I currently do not own a hedgehog but am looking into getting one in the future. I was wondering, is a large dog crate with small bar spacing a suitable home for a hedgehog? If so, which dog crates would you recommend? Are there any modifications that have to be done to prevent escape?


----------



## noushka05 (Mar 28, 2008)

No a dog cage is not at all suitable, they need to be in a very large tank type cage like a large zoo zone. Please do lots of research, these little creatures have very specific requirements, they are a massive commitment. Find a reputable breeder or better still a good rescue and seek advice.

There is some information on these links.http://www.crittery.co.uk/index.php/aph-env

*Housing*
Your African Pygmy Hedgehog needs a minimum of 3ft x 1.5ft x 1.5ft and they should be kept alone. Barred cages are not recommended due to the risk of your hedgehog injuring itself whilst attempting to climb the bars.

*Zoozone 2* cages are easy to clean and provide good ventilation. They cannot be stacked however, it is trickier to attach a permanent source of heating to and they do not look as attractive as a vivarium. They are not high enough to fit a Carolina Storm Wheel or Silent Spinner. It is important to note this is the larger sized Zoozone, as the Zoozone1 is not big enough to provide a permanent home for an African Pygmy Hedgehog.

*Vivariums* are more attractive housing, but do not provide enough ventilation.

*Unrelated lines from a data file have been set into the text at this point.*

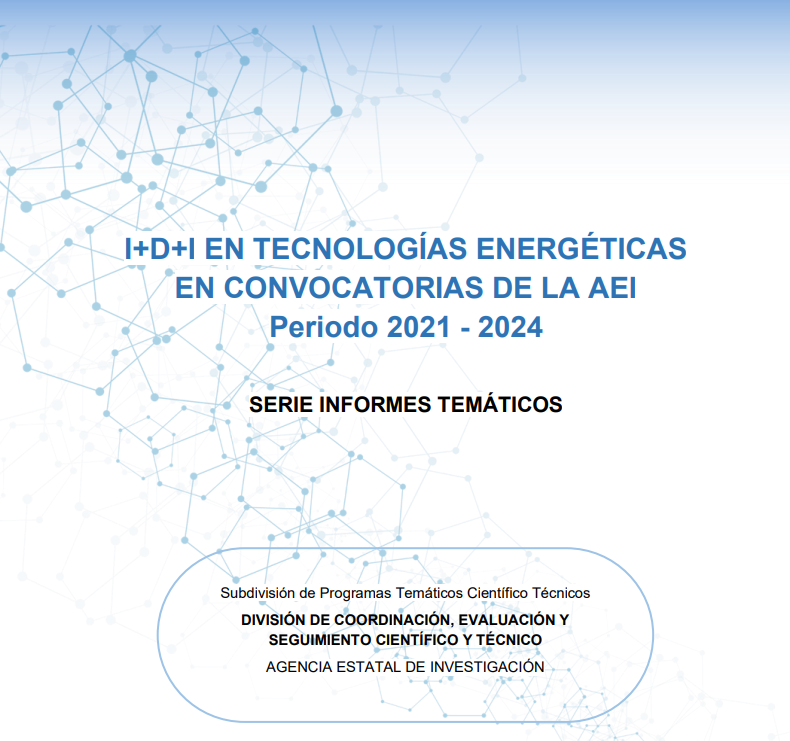 I+D+I EN TECNOLOGÍAS ENERGÉTICAS EN CONVOCATORIAS DE LA AEI
2021 - 2024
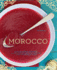 Morocco: a Culinary Journey With Recipes From the Spice-Scented Markets of Marrakech to the Date-Filled Oasis of Zagora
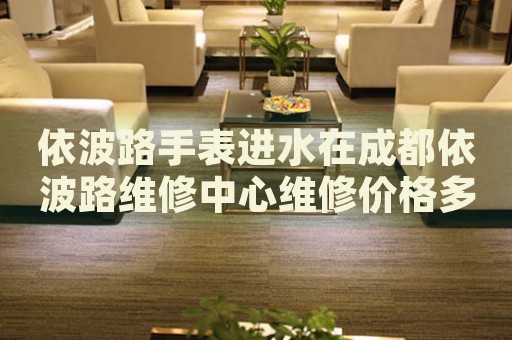 依波路手表進水在成都依波路維修中心維修價格多少錢？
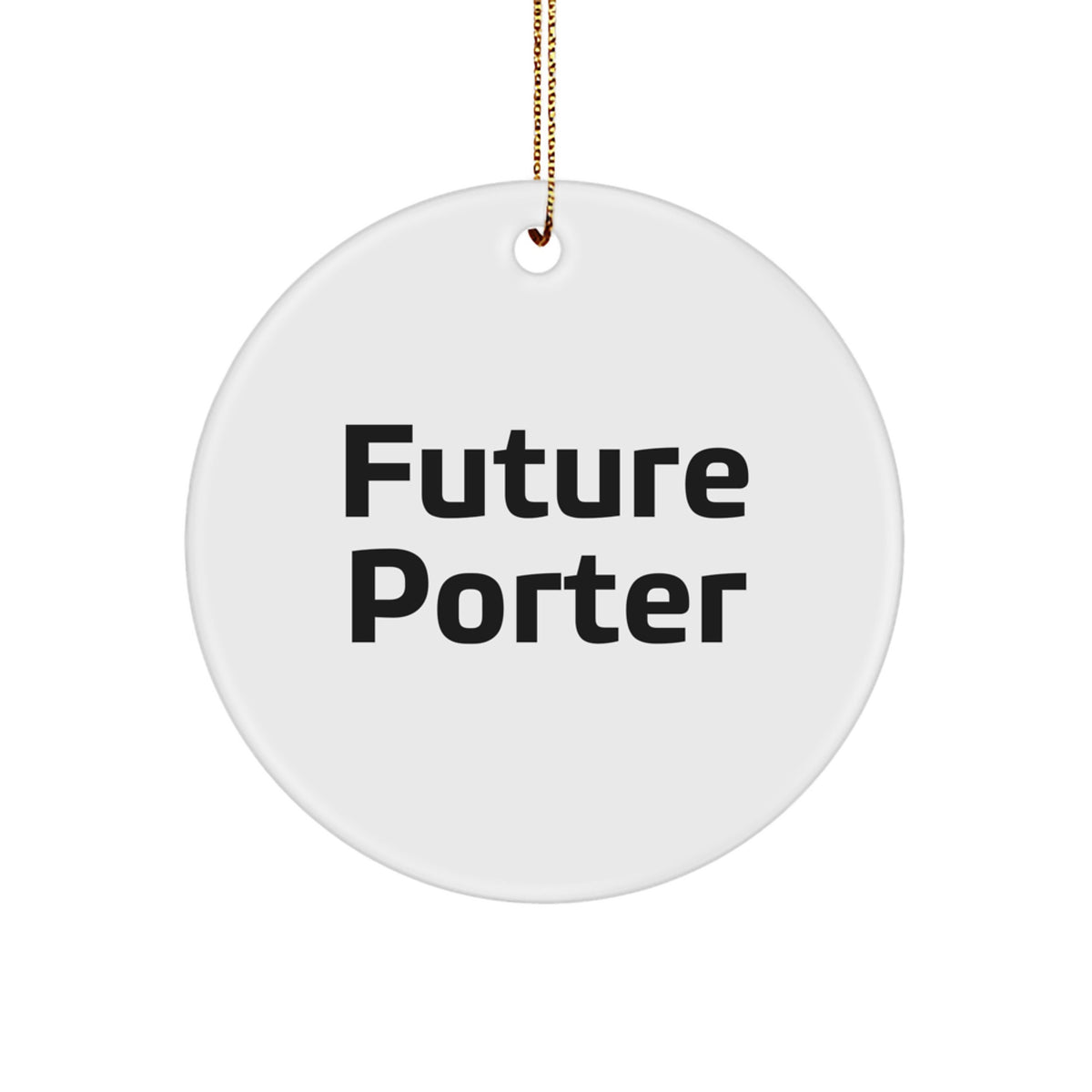 Future Porter Quotes Funny Gifts from Friends for Porter Circle Ornament, White, Christmas Unique Gifts - Image 1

They can however be modified with additional, large vents or by replacing the glass with meshed doors. They can be stacked, and are easier to provide a heat source within.

http://www.hedgehog-rescue.org.uk/documents/pygmy_hog_care.pdf
*
Size of enclosure.* Any Hedgehog species requires room, and to be working within the Welfare Act, any animal must be able to display its natural behavior patterns. This cannot be achieved within the confines of their enclosure only. Hedgehogs and Tenrec species need to explore and forage, this means they must have time out of the enclosure each evening and should be placed in a hog-proof room where they can run and explore in a supervised manner. Even at this time two males or a male and female should never be in the same room at the same time. Please take into consideration here that hedgehogs poop while running, they cannot help it, it is what comes natural to them so a room with a nice carpet for example would probably make a poor choice for out-of-cage time, not to mention the pee that would be soaked into it.


----------



## simplysardonic (Sep 1, 2009)

I don't have hedgies myself but we keep them at work & they need a LOT of floor space, more than even the largest dog crate could provide.

Please look at the really good links @noushka05 has provided & think carefully if you can offer what an APH needs.


----------